Ik stop van alles in mijn kinderen. Eten bijvoorbeeld. De hele schijf van vijf erin stampen is me nog niet gelukt, maar ik blijf volhouden.
Regelmatig moet ik dealen aan tafel. “Oké, Tom, laat me nadenken. Je bent acht jaar hè? Goed, dan eet je evenzoveel sperziebonen op.” Zijn wenkbrauwen zakken over zijn ogen, zijn vingers schuiven er acht naar het randje van zijn bord.
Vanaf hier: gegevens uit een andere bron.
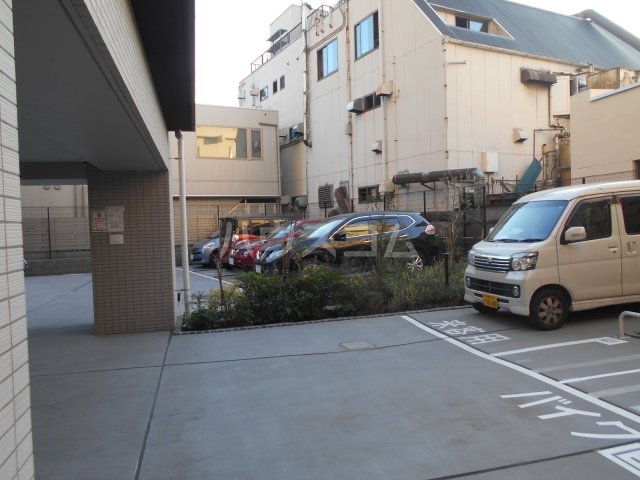 16/20 駐車場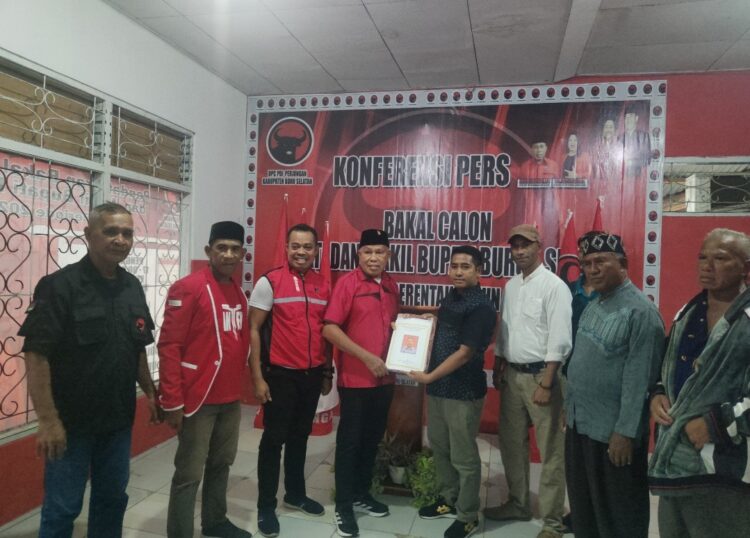 Balon Wakil Bupati Frits P Lesnussa Resmi Mendaftar Di PDIP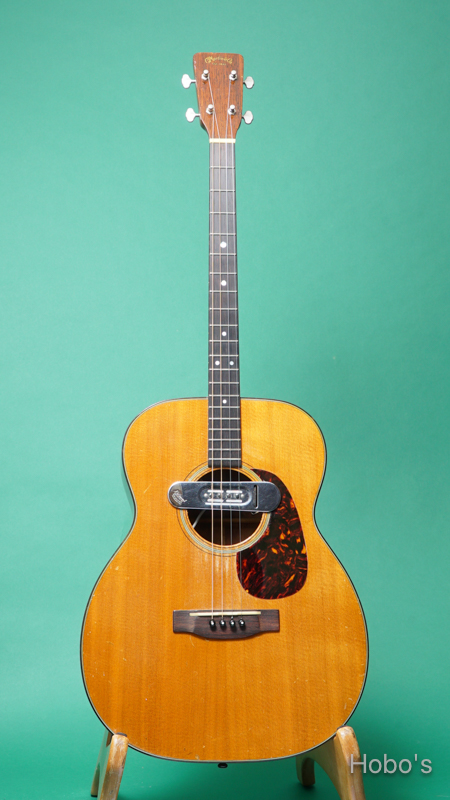 MARTIN O-18T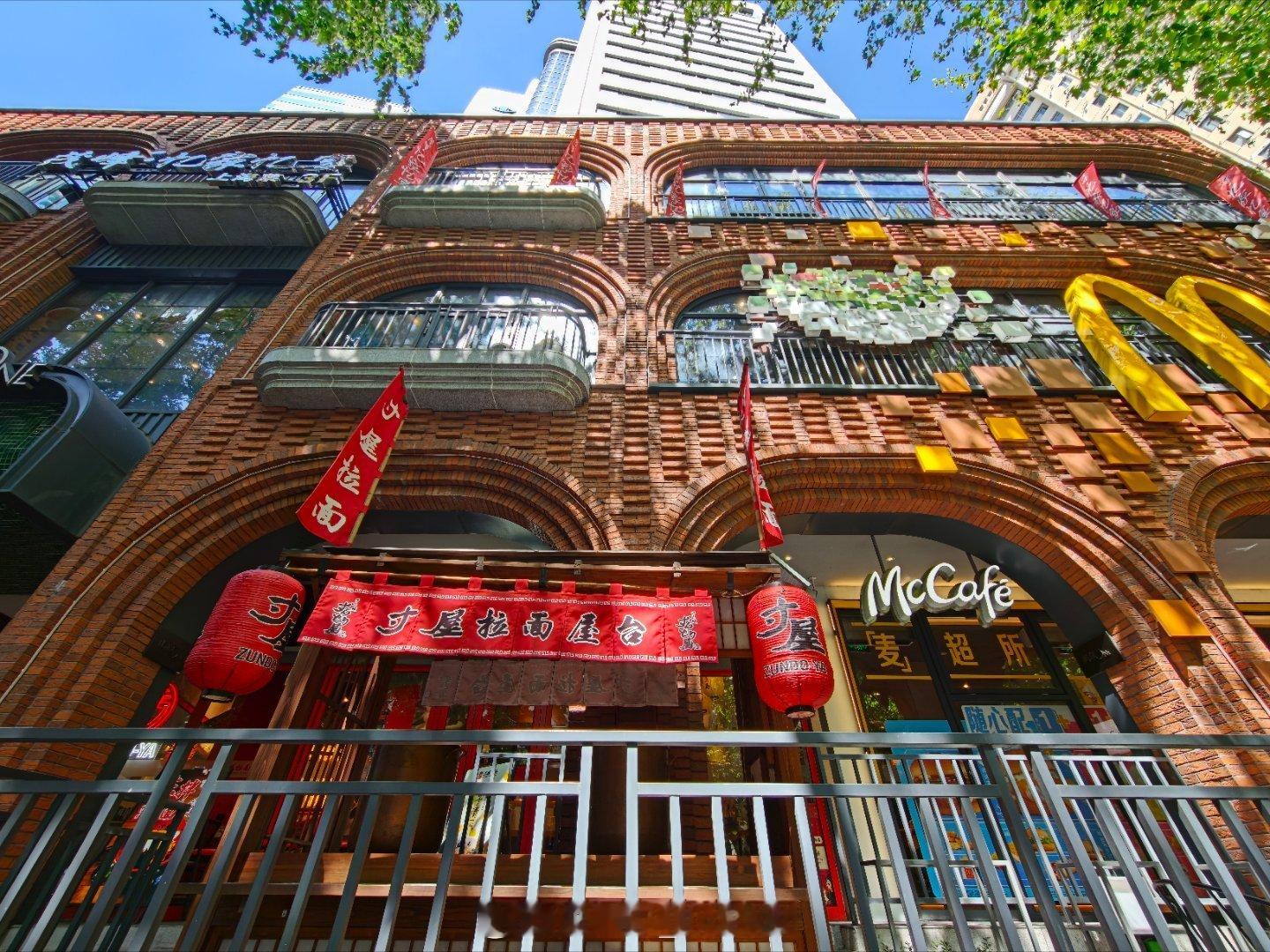 徐家汇手机📱随手拍7.25 上海·天钥桥路与肇嘉浜路交叉口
“Waarom moet ik er acht eten?” vraagt hij. De sperziebonen heeft hij in een keurig rijtje gelegd. Van groot naar klein. “Waarom? Omdat ik denk dat negen van die groene, vieze stokjes te veel is.” Mijn kleinste grijnst. Haalt zijn ‘moet-jij-opletten-blik’ van stal en tikt met zijn vingertje nog een boon in het rijtje. Verwachtingsvol kijk ik hem aan. “Oké oké, ik eet ze op.” Het duurt eindeloos, mijn geduld zakt naar nul maar wordt beloond. Van Bob krijgt hij een staande ovatie, ik klop hem op zijn schoudertje alsof hij zojuist een marathon onder de vier uur heeft gelopen en Robert zucht nog maar eens diep. Met het schaaltje gele vla dat daarna op tafel komt, heeft hij een stuk minder moeite.
Lees ook: Dit is waarom Ka zich het leplazerus schrok
Naast sperziebonen stop ik ‘Zo heurt het-dingen’ in de mannen. Ze zijn nu acht en tien jaar, oud genoeg om mij in het huishouden te helpen. Ik probeer ze al tijden duidelijk te maken dat hun kleding niet binnenstebuiten én op de grond naast de wasmand moet liggen, maar erin. “Waarom maak je daar zo’n probleem van?” vraagt Bob. Terwijl ik de rondslingerde lappen bij elkaar hark, kijk ik hem geïrriteerd aan. Ik zie dat hij een wenkbrauw omhoog heeft getrokken en zijn hoofd scheef houdt.
Gelukkig draagt hun omgeving ook een steentje bij. “Kijk,” begint mijn oudste, “een tosti kost in het tienercentrum een euro als je zegt: ‘mag ik een tosti’. Maar als je zegt: ‘mag ik een tosti alstublieft, dan krijg je dertig cent korting. Dat geldt ook voor de noodles.” Blij kijk ik hem aan.
De binnenstebuiten was heb ik losgelaten. Daarvoor in de plaats zet ik mijn mannen elke zondagavond achter het aanrecht. Nadat de laatste zijn toetjeslepel heeft neergelegd, begint het festijn. De eerste vijf minuten worden besteed aan de discussie wie wast en wie droogt. “Jij waste vorige keer af. Nu ik.” Vastberaden trekt Tommie zijn shirt uit en stapt in zijn blote bassie op het opstapje om aan de slag te gaan. Hij pakt de stapel borden. Met oma’s servies gaat hij niet zachtzinnig om. Met samengeknepen billen zit ik op de bank. Als ik voor de derde keer een bord hard tegen de kraan hoor tikken, loop ik naar de keuken. “Hee, doe eens voorzichtig met die borden, die waren nog van mijn oma,” snuif ik.
Bob droogt onverstoorbaar één van de oude borden af, legt de theedoek neer en zegt: “En hoe eindigen we zo’n vraag ook al weer?”